* **WHAT IS REQUIRED**
Return the records below exactly, leaving nothing out.

* **SOURCE DATA**
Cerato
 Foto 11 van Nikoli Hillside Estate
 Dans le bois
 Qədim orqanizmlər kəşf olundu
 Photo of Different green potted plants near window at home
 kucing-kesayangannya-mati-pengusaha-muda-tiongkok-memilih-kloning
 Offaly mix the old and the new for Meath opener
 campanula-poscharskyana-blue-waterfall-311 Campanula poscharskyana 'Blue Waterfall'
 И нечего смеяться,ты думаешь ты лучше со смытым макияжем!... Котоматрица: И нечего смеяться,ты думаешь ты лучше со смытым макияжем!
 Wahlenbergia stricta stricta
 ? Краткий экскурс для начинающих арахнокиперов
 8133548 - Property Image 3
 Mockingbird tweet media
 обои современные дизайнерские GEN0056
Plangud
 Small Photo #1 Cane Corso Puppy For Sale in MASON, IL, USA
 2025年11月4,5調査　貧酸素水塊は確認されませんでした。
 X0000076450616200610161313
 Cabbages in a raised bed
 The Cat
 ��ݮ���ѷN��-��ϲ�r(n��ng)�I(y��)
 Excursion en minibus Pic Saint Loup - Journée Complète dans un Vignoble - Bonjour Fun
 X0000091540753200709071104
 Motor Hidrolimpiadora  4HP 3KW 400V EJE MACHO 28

* **RESULT OF THIS TASK**
Cerato
 Foto 11 van Nikoli Hillside Estate
 Dans le bois
 Qədim orqanizmlər kəşf olundu
 Photo of Different green potted plants near window at home
 kucing-kesayangannya-mati-pengusaha-muda-tiongkok-memilih-kloning
 Offaly mix the old and the new for Meath opener
 campanula-poscharskyana-blue-waterfall-311 Campanula poscharskyana 'Blue Waterfall'
 И нечего смеяться,ты думаешь ты лучше со смытым макияжем!... Котоматрица: И нечего смеяться,ты думаешь ты лучше со смытым макияжем!
 Wahlenbergia stricta stricta
 ? Краткий экскурс для начинающих арахнокиперов
 8133548 - Property Image 3
 Mockingbird tweet media
 обои современные дизайнерские GEN0056
Plangud
 Small Photo #1 Cane Corso Puppy For Sale in MASON, IL, USA
 2025年11月4,5調査　貧酸素水塊は確認されませんでした。
 X0000076450616200610161313
 Cabbages in a raised bed
 The Cat
 ��ݮ���ѷN��-��ϲ�r(n��ng)�I(y��)
 Excursion en minibus Pic Saint Loup - Journée Complète dans un Vignoble - Bonjour Fun
 X0000091540753200709071104
 Motor Hidrolimpiadora  4HP 3KW 400V EJE MACHO 28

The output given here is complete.